沖縄の「ぬちぐすい」生まれ育った土地の文化を再発見する。Vol.1 「ハッピーモア市場」 続
ハッピーモア市場の多和田さんに、創業からこれまでのお話をお聞きしたあとは、売り場のすぐ横にある、薬草畑を案内していただくことに。
売り場の真横にこんな景色が広がっているなんて、ハッピーモア市場は面白いなぁ。
普段はお客さんが立ち入ることのない薬草畑ですが、今回は多和田さんがひとつひとつ説明してくれました。畑の奥でぐーんと背を伸ばした葉は、在来のフーチバー(ヨモギ)。もともと沖縄のフーチバーは本土のものよりもずっと葉っぱが大きいのですが、ここにあるものは、さらに大きくてしっかりしています。

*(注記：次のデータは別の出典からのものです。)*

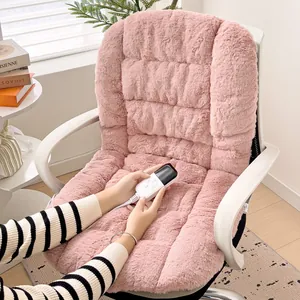 Close-up of a pink plush heated chair cushion with a wired remote control in use.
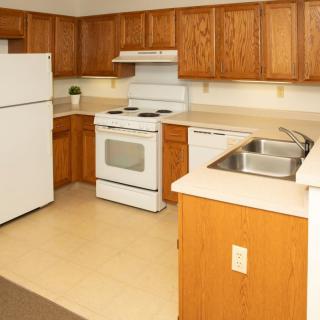 A cozy kitchen with wooden cabinets and standard appliances.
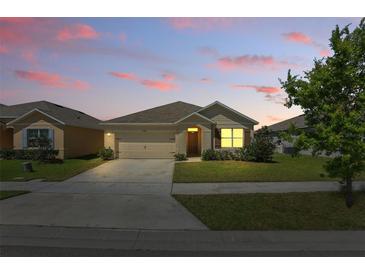 Charming one-story home with a well-manicured lawn, two car garage, and inviting front entrance at dusk at 3348 Perennial Ln, Kissimmee, FL 34746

「道の脇に生えている草の、多くは薬草なんだよ。雑草だと思っているでしょう。本当は食べられるものばかり」
たしかに、この畑で見る草たちは、どこかで見たことがあるような形で、教えていただいた薬草には、聞いたことのある名前が多くありました。
道端にも生えているシビランは、葉っぱを湯がけばほうれん草のように食べることができます。

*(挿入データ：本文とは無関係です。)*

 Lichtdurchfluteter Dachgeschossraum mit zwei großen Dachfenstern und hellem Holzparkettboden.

「沖縄ではキャベツやじゃがいも、日常的に使われる野菜のほとんどを県外から仕入れているけれど、島にも食べられるものはいっぱいあるんですよ」
ハッピーモアでは、薬草をもっと身近に感じて欲しい、味わって欲しいという思いから、3種類のスムージーを提供しています。
子供にでも飲みやすく、甘さのある「野菜スムージー」
薬草の風味がほどよく感じられる「薬草スムージー」
一度飲むと、その複雑な苦味に、やみつきになってしまう「SP薬草スムージー」
先ほど紹介したシビランは、全てのスムージーに使われています。
「野菜スムージー」はバナナやパイナップルが入っていることで特段、甘く飲みやすいのですが、「上級者向け」と書いてあるSP薬草スムージーも、意外と飲みやすいのが驚きです。それぞれに違ったおいしさがあるので、気分によって飲み分けたくなります。
ハッピーモア市場では、スムージーを目当てに来る人も見かけました。それくらい魅力的なのです。
市場の外でも、多和田さんの薬草への知識は活きています。高血圧の友人たちには、ヨモギに熱湯をかけただけの「ヨモギ茶」を飲むように勧めるんだとか。薬草スムージーといい、普段料理に取り入れることのない沖縄の薬草も、日常への取り入れ方が豊富にあることがわかります。
今回、多和田さんからお話を伺いながら、沖縄の薬草は「ぬちぐすい」そのものだと感じました。身体にいい、しかも手に入りやすい(道端や畑に生えています)ものですが、わたしを含め、薬草の種類や、それが食べられるものであることを知っている人は少ないのが現状です。
流通が発展した昨今は、全国各地のスーパーで同じ食材が手に入ります。珍しい外国産の野菜や、鎌倉や京都の伝統野菜が注目されやすいものですが、沖縄だけでなく、日本中の各地方には、地元の人にも十分に知られていない沢山の食材が埋もれているはずです。
身近なところに、眠っているかもしれない食材のことを、もっと知っていきたい。多和田さんとのお話を通して、そう感じることができました。
また、ハッピーモア市場に遊びに行きます。